**Exercise details**
Please copy the listing that follows exactly, leaving out any pictures.

**Extracted information**
"""

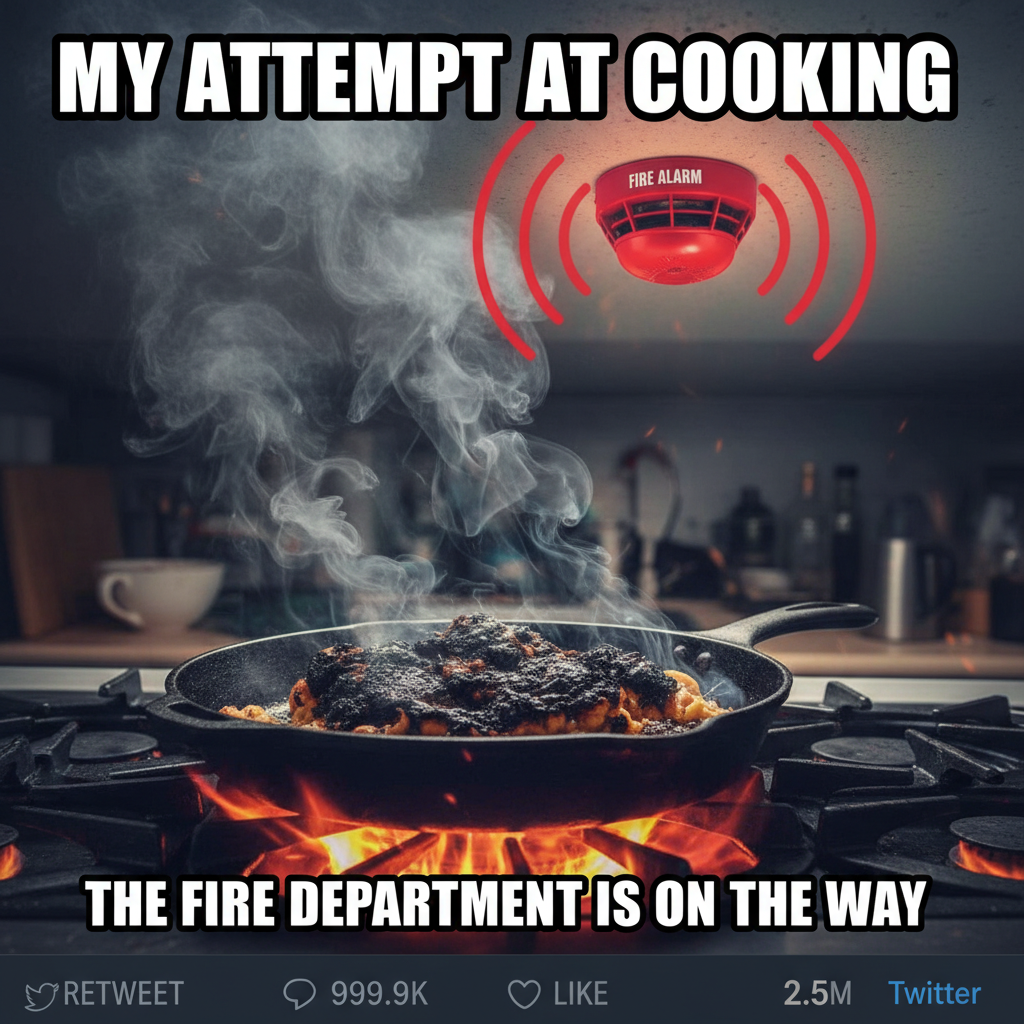 Tried to cook a fancy meal. Ended up with charcoal and a fire alarm concert. Send pizza.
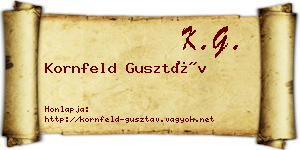 Kornfeld Gusztáv névjegykártya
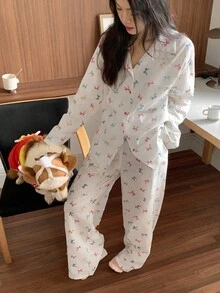 DAZY Bow All-Over Print Women Pajama Set Fall Winter Clothes - Apricot - View 6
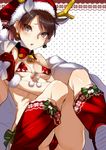  antlers ass bare_shoulders bikini black_eyes blush boots breasts brown_hair cameltoe christmas covered_nipples earrings gloves hat highres jewelry kantai_collection red_bikini red_footwear red_gloves reindeer_antlers sack santa_hat shikinami_(kantai_collection) short_hair small_breasts solo swimsuit ze_(sawakihein) 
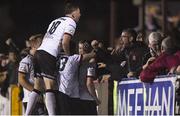 21 September 2021; Dundalk players and supporters celebrate after their third goal, scored by Michael Duffy, during the extra.ie FAI Cup Quarter-Final Replay match between Dundalk and Finn Harps at Oriel Park in Dundalk, Louth. Photo by Ben McShane/Sportsfile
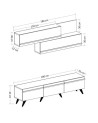 Ensemble meuble TV AMSTERDAM 180 cm blanc et bois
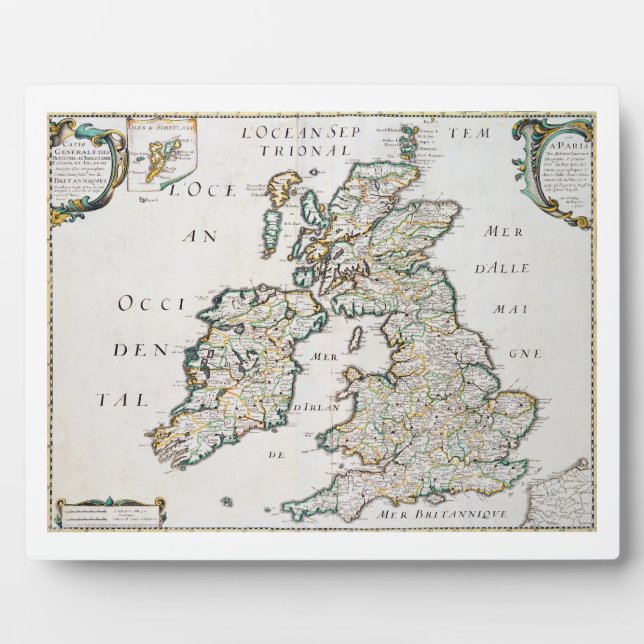 Map of Britain and Ireland, published Paris 1640 ( Plaque (Front)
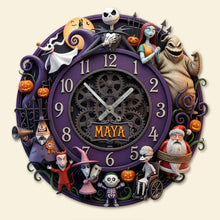 Load image into Gallery viewer, Embrace the Magic of Time: Personalized Gothic Fantasy Family Wall Clock - Perfect Gift for Halloween Lovers, Friends, Family Hanging Wall Clock PopCulturePrints
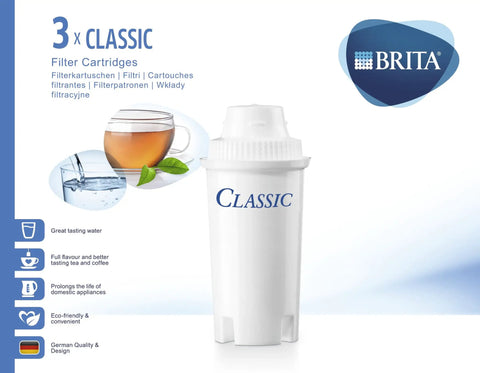 Three Pack Water Filter Cartridges For Clean Tasting Hot And Cold Drinks, Reduces Chlorine And Limescale For Cleaner Water, Fits All Classic Jugs, About One Month Of Fresh Water Per Cartridge, One Hundred Percent Recyclable And Easy To Use. Featured in packaging with blue accents and BRITA logo.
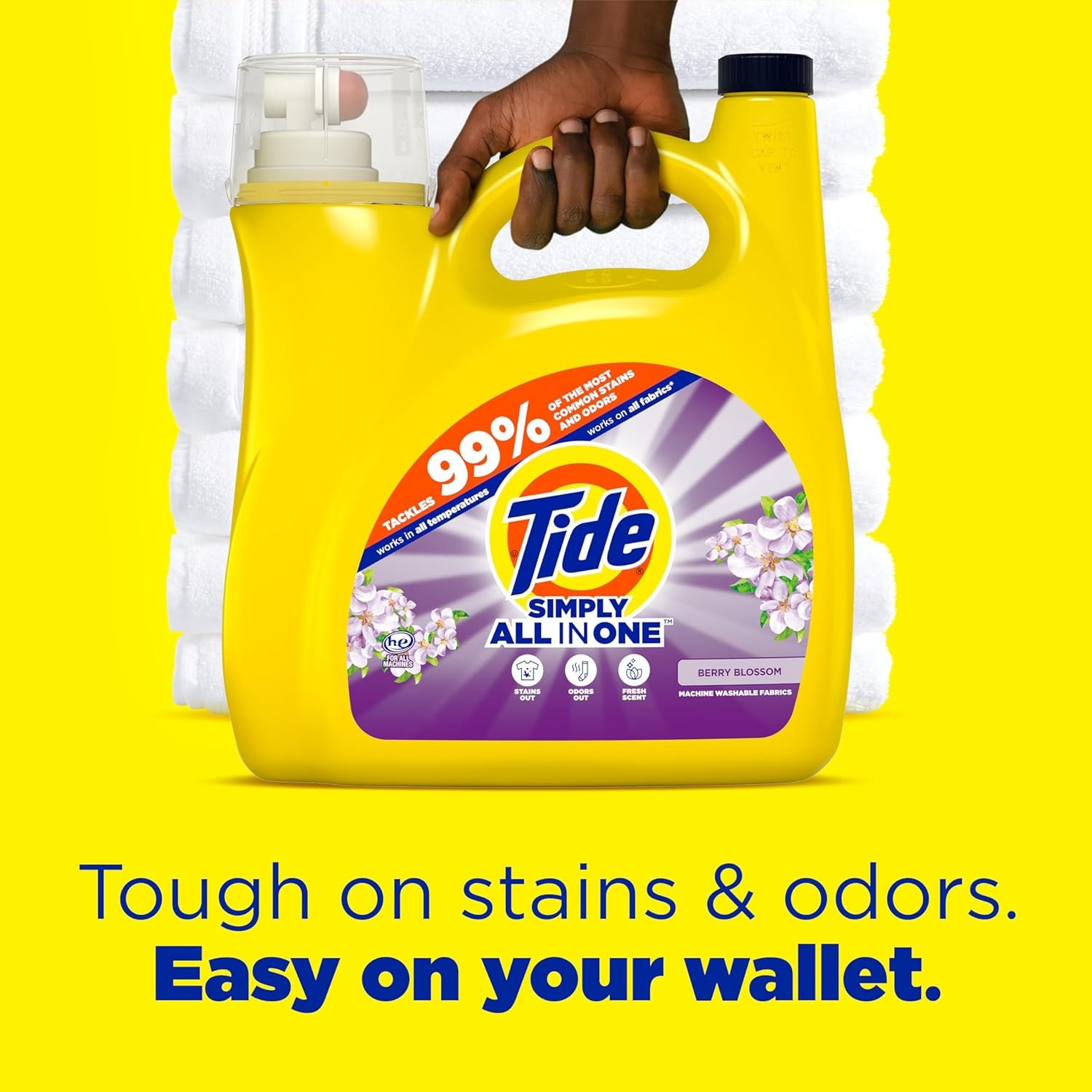 Tide Simply All-In-One Liquid Laundry Detergent, Berry Blossom Scent, 89 Loads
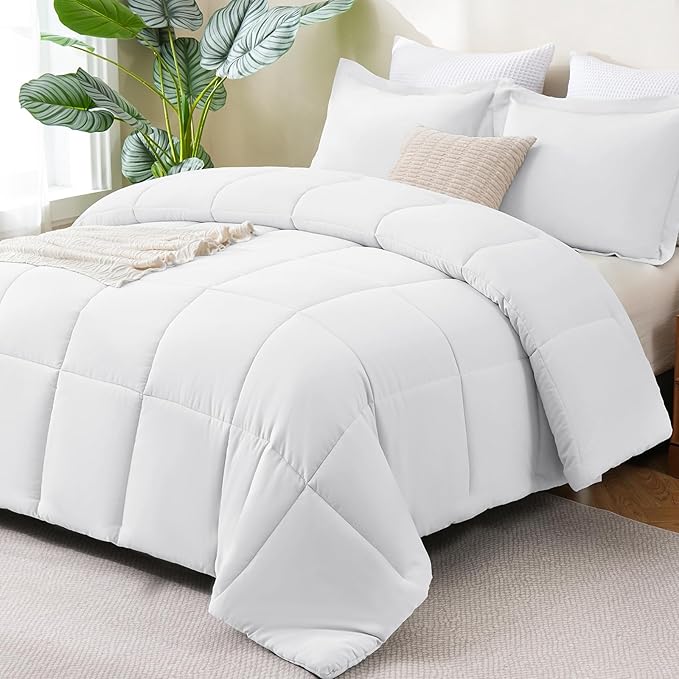 CozyLux Oversized King Comforter Set, 3 Pieces White 120x98 Box Stitched Design Soft Bedding Set, All Season Lightweight Breathable Bed Set with 1 Down Alternative Comforter and 2 Pillow Shams
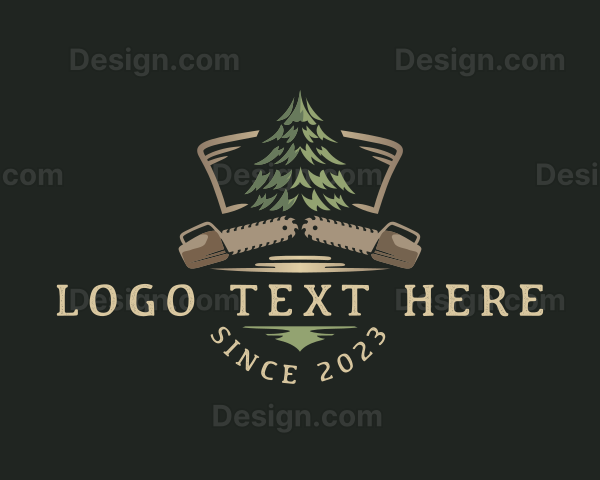 Chainsaw Tree Lumber Logo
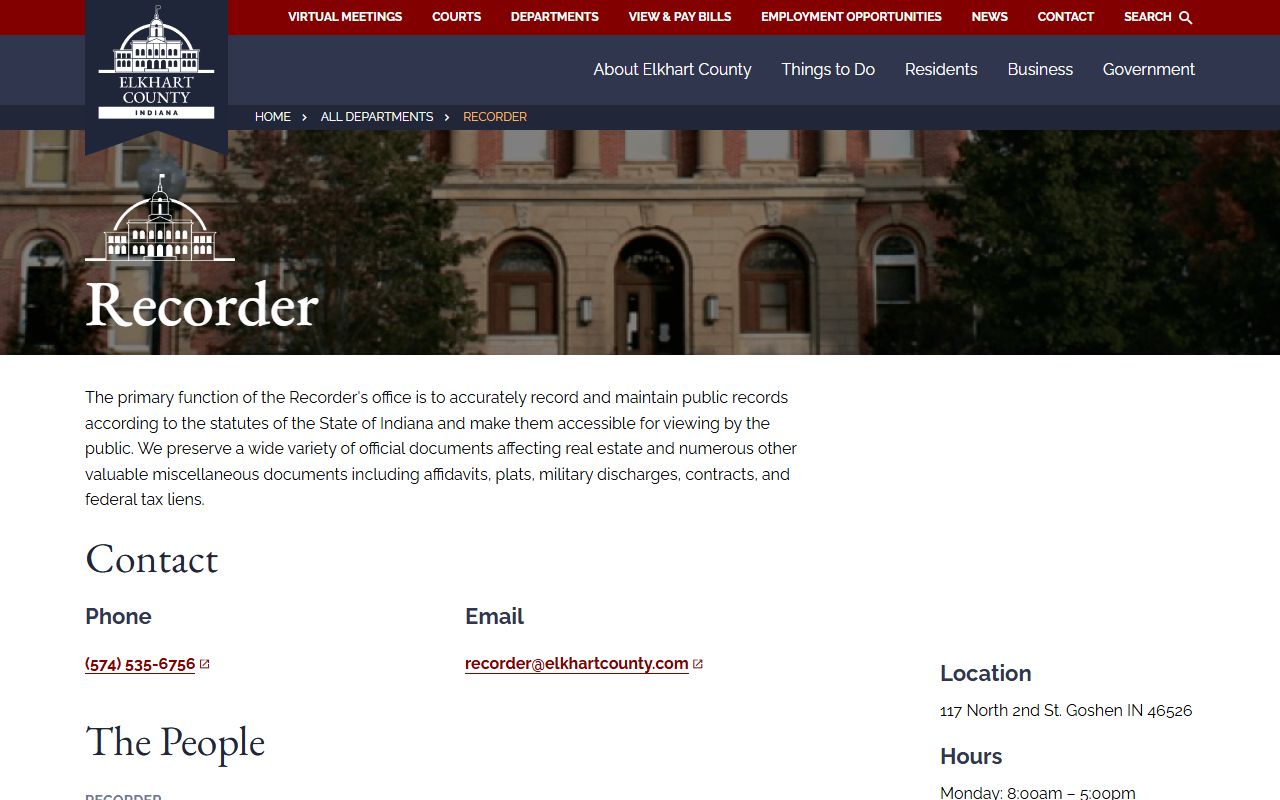 Elkhart County Recorder official website for Elkhart County property records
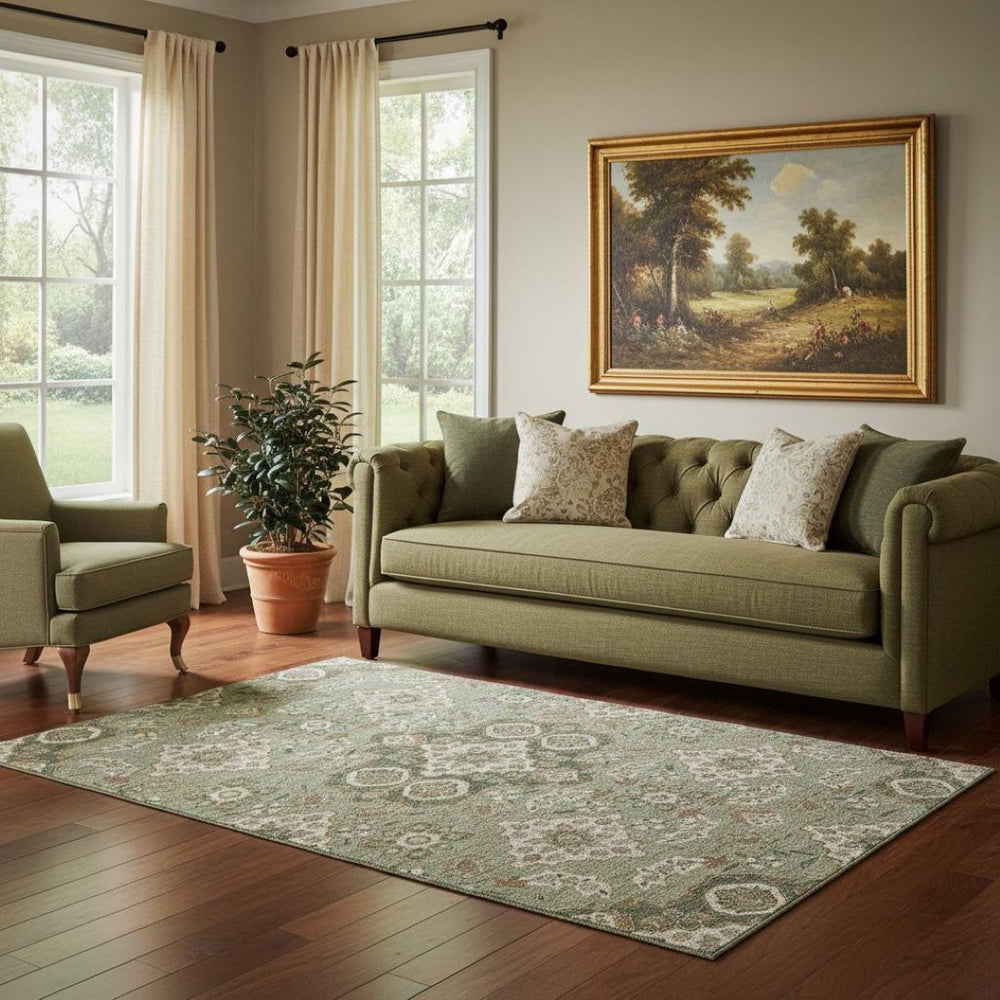 HomeRoots 5' X 8' Sage & Copper Floral Medallion Washable Rug with UV Protection for High-Traffic Areas 705859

"""

**Expected output**
 Tried to cook a fancy meal. Ended up with charcoal and a fire alarm concert. Send pizza.
 Kornfeld Gusztáv névjegykártya
 DAZY Bow All-Over Print Women Pajama Set Fall Winter Clothes - Apricot - View 6
  antlers ass bare_shoulders bikini black_eyes blush boots breasts brown_hair cameltoe christmas covered_nipples earrings gloves hat highres jewelry kantai_collection red_bikini red_footwear red_gloves reindeer_antlers sack santa_hat shikinami_(kantai_collection) short_hair small_breasts solo swimsuit ze_(sawakihein) 
 21 September 2021; Dundalk players and supporters celebrate after their third goal, scored by Michael Duffy, during the extra.ie FAI Cup Quarter-Final Replay match between Dundalk and Finn Harps at Oriel Park in Dundalk, Louth. Photo by Ben McShane/Sportsfile
 Ensemble meuble TV AMSTERDAM 180 cm blanc et bois
 Map of Britain and Ireland, published Paris 1640 ( Plaque (Front)
 Load image into Gallery viewer, Embrace the Magic of Time: Personalized Gothic Fantasy Family Wall Clock - Perfect Gift for Halloween Lovers, Friends, Family Hanging Wall Clock PopCulturePrints
 Three Pack Water Filter Cartridges For Clean Tasting Hot And Cold Drinks, Reduces Chlorine And Limescale For Cleaner Water, Fits All Classic Jugs, About One Month Of Fresh Water Per Cartridge, One Hundred Percent Recyclable And Easy To Use. Featured in packaging with blue accents and BRITA logo.
 Tide Simply All-In-One Liquid Laundry Detergent, Berry Blossom Scent, 89 Loads
 CozyLux Oversized King Comforter Set, 3 Pieces White 120x98 Box Stitched Design Soft Bedding Set, All Season Lightweight Breathable Bed Set with 1 Down Alternative Comforter and 2 Pillow Shams
 Chainsaw Tree Lumber Logo
 Elkhart County Recorder official website for Elkhart County property records
 HomeRoots 5' X 8' Sage & Copper Floral Medallion Washable Rug with UV Protection for High-Traffic Areas 705859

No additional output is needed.